Records from a collection
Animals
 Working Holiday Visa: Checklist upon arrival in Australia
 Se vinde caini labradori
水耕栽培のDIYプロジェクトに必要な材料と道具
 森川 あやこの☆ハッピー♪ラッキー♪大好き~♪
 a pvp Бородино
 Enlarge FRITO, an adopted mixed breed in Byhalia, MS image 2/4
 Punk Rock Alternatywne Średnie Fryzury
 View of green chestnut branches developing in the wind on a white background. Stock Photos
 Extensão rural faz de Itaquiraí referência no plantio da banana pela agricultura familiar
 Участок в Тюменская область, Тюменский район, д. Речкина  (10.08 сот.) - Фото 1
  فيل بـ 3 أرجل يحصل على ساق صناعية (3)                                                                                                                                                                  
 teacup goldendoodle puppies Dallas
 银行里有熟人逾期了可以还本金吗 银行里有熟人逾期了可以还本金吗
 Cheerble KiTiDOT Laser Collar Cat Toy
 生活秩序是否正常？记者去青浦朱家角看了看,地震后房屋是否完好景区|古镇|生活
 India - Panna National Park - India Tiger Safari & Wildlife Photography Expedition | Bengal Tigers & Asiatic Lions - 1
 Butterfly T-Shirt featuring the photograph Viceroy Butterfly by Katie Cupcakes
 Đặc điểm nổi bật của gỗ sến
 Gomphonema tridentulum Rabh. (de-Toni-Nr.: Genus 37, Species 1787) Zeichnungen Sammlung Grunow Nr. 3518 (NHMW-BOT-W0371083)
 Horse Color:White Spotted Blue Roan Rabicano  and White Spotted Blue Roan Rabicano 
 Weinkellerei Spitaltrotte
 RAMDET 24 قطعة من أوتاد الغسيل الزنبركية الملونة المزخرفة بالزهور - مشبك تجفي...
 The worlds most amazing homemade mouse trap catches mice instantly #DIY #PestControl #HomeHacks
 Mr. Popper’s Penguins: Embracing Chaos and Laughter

## [Task item]
Please write out the lines that run from the one with "Butterfly T-Shirt featuring" to the end of the records, both included, exactly as they appear.

## [Task answer]
 Butterfly T-Shirt featuring the photograph Viceroy Butterfly by Katie Cupcakes
 Đặc điểm nổi bật của gỗ sến
 Gomphonema tridentulum Rabh. (de-Toni-Nr.: Genus 37, Species 1787) Zeichnungen Sammlung Grunow Nr. 3518 (NHMW-BOT-W0371083)
 Horse Color:White Spotted Blue Roan Rabicano  and White Spotted Blue Roan Rabicano 
 Weinkellerei Spitaltrotte
 RAMDET 24 قطعة من أوتاد الغسيل الزنبركية الملونة المزخرفة بالزهور - مشبك تجفي...
 The worlds most amazing homemade mouse trap catches mice instantly #DIY #PestControl #HomeHacks
 Mr. Popper’s Penguins: Embracing Chaos and Laughter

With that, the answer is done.